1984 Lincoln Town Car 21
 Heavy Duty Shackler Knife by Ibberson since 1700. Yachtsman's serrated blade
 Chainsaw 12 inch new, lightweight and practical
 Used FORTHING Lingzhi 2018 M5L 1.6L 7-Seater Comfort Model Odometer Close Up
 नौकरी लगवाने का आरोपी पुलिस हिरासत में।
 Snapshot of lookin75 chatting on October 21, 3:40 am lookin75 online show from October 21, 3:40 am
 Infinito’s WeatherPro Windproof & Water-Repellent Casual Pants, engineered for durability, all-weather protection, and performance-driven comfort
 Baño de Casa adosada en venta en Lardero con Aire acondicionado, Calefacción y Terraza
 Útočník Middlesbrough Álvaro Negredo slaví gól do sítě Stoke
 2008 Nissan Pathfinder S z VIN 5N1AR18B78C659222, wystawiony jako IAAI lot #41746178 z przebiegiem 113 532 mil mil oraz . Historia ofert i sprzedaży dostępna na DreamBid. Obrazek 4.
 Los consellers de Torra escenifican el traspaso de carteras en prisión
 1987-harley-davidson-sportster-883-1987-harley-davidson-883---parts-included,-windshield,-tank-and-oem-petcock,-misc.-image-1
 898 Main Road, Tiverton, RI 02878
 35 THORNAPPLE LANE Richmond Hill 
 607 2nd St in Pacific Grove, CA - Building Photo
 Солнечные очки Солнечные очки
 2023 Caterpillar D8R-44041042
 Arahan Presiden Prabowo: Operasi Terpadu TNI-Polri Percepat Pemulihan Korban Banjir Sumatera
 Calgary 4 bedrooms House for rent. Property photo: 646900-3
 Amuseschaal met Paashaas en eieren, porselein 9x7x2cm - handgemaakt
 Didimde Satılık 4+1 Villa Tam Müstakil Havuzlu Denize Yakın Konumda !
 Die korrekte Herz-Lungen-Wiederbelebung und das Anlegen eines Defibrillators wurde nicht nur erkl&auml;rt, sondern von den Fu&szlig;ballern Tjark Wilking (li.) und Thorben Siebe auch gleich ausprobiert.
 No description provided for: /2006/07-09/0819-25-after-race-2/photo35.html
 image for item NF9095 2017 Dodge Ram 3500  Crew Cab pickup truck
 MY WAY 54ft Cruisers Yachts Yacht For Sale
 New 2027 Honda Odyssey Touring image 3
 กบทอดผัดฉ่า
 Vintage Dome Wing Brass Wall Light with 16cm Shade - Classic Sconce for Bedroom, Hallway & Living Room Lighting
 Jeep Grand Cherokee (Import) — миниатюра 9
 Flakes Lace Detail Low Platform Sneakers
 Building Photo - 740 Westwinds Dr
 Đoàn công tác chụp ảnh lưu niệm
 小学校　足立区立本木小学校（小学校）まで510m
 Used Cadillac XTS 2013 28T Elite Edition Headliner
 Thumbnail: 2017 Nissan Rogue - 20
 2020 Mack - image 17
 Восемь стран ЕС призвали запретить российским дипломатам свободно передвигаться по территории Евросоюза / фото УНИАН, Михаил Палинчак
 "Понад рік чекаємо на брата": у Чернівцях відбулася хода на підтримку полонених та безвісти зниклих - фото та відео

● What this task involves: Copy the entire listing, keeping each line exactly as it is.

● Result of the task:
1984 Lincoln Town Car 21
 Heavy Duty Shackler Knife by Ibberson since 1700. Yachtsman's serrated blade
 Chainsaw 12 inch new, lightweight and practical
 Used FORTHING Lingzhi 2018 M5L 1.6L 7-Seater Comfort Model Odometer Close Up
 नौकरी लगवाने का आरोपी पुलिस हिरासत में।
 Snapshot of lookin75 chatting on October 21, 3:40 am lookin75 online show from October 21, 3:40 am
 Infinito’s WeatherPro Windproof & Water-Repellent Casual Pants, engineered for durability, all-weather protection, and performance-driven comfort
 Baño de Casa adosada en venta en Lardero con Aire acondicionado, Calefacción y Terraza
 Útočník Middlesbrough Álvaro Negredo slaví gól do sítě Stoke
 2008 Nissan Pathfinder S z VIN 5N1AR18B78C659222, wystawiony jako IAAI lot #41746178 z przebiegiem 113 532 mil mil oraz . Historia ofert i sprzedaży dostępna na DreamBid. Obrazek 4.
 Los consellers de Torra escenifican el traspaso de carteras en prisión
 1987-harley-davidson-sportster-883-1987-harley-davidson-883---parts-included,-windshield,-tank-and-oem-petcock,-misc.-image-1
 898 Main Road, Tiverton, RI 02878
 35 THORNAPPLE LANE Richmond Hill 
 607 2nd St in Pacific Grove, CA - Building Photo
 Солнечные очки Солнечные очки
 2023 Caterpillar D8R-44041042
 Arahan Presiden Prabowo: Operasi Terpadu TNI-Polri Percepat Pemulihan Korban Banjir Sumatera
 Calgary 4 bedrooms House for rent. Property photo: 646900-3
 Amuseschaal met Paashaas en eieren, porselein 9x7x2cm - handgemaakt
 Didimde Satılık 4+1 Villa Tam Müstakil Havuzlu Denize Yakın Konumda !
 Die korrekte Herz-Lungen-Wiederbelebung und das Anlegen eines Defibrillators wurde nicht nur erkl&auml;rt, sondern von den Fu&szlig;ballern Tjark Wilking (li.) und Thorben Siebe auch gleich ausprobiert.
 No description provided for: /2006/07-09/0819-25-after-race-2/photo35.html
 image for item NF9095 2017 Dodge Ram 3500  Crew Cab pickup truck
 MY WAY 54ft Cruisers Yachts Yacht For Sale
 New 2027 Honda Odyssey Touring image 3
 กบทอดผัดฉ่า
 Vintage Dome Wing Brass Wall Light with 16cm Shade - Classic Sconce for Bedroom, Hallway & Living Room Lighting
 Jeep Grand Cherokee (Import) — миниатюра 9
 Flakes Lace Detail Low Platform Sneakers
 Building Photo - 740 Westwinds Dr
 Đoàn công tác chụp ảnh lưu niệm
 小学校　足立区立本木小学校（小学校）まで510m
 Used Cadillac XTS 2013 28T Elite Edition Headliner
 Thumbnail: 2017 Nissan Rogue - 20
 2020 Mack - image 17
 Восемь стран ЕС призвали запретить российским дипломатам свободно передвигаться по территории Евросоюза / фото УНИАН, Михаил Палинчак
 "Понад рік чекаємо на брата": у Чернівцях відбулася хода на підтримку полонених та безвісти зниклих - фото та відео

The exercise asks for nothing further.